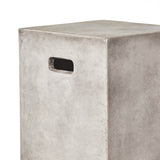 Mason Square Side Table & Stool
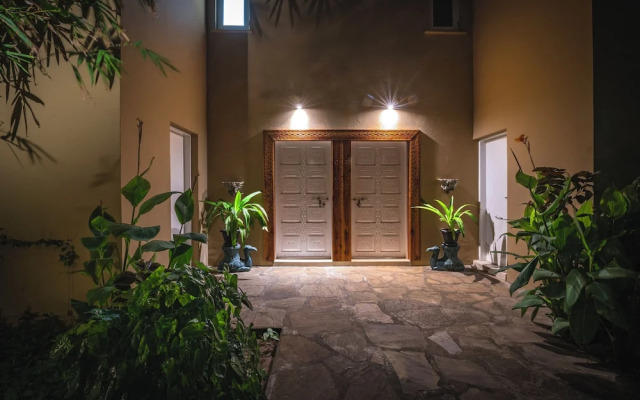 Amani Beachfront Villa by YourHost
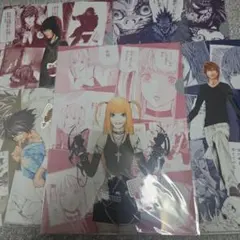 DEATH NOTE デスノート クリアファイル 5枚セット
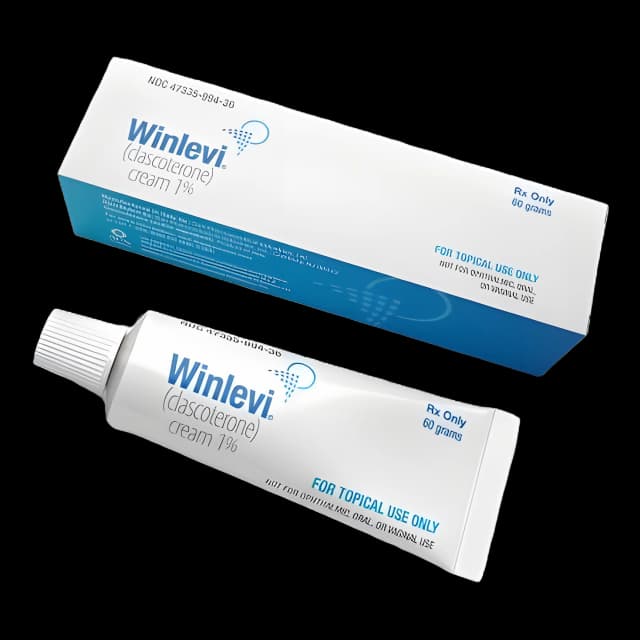 WINLEVI® Clascoterone 1% Cream Tube 60 Gram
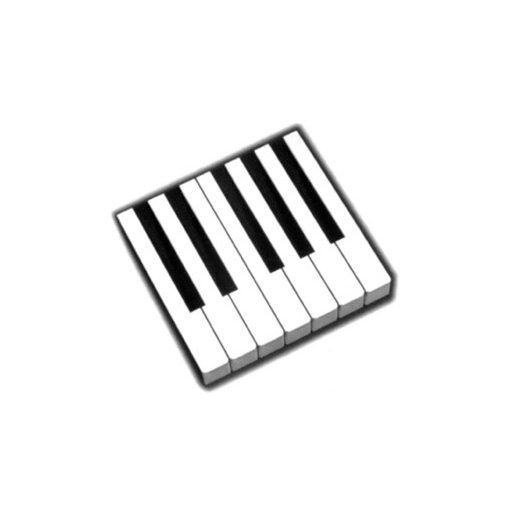 Billentyű borítás, krém színű , előlappal, 52 mm.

● TASK TO COMPLETE
With the pictures left aside, set down each entry above exactly as it stands.

● WRITTEN RESPONSE
 Mason Square Side Table & Stool
 Amani Beachfront Villa by YourHost
 DEATH NOTE デスノート クリアファイル 5枚セット
 WINLEVI® Clascoterone 1% Cream Tube 60 Gram
 Billentyű borítás, krém színű , előlappal, 52 mm.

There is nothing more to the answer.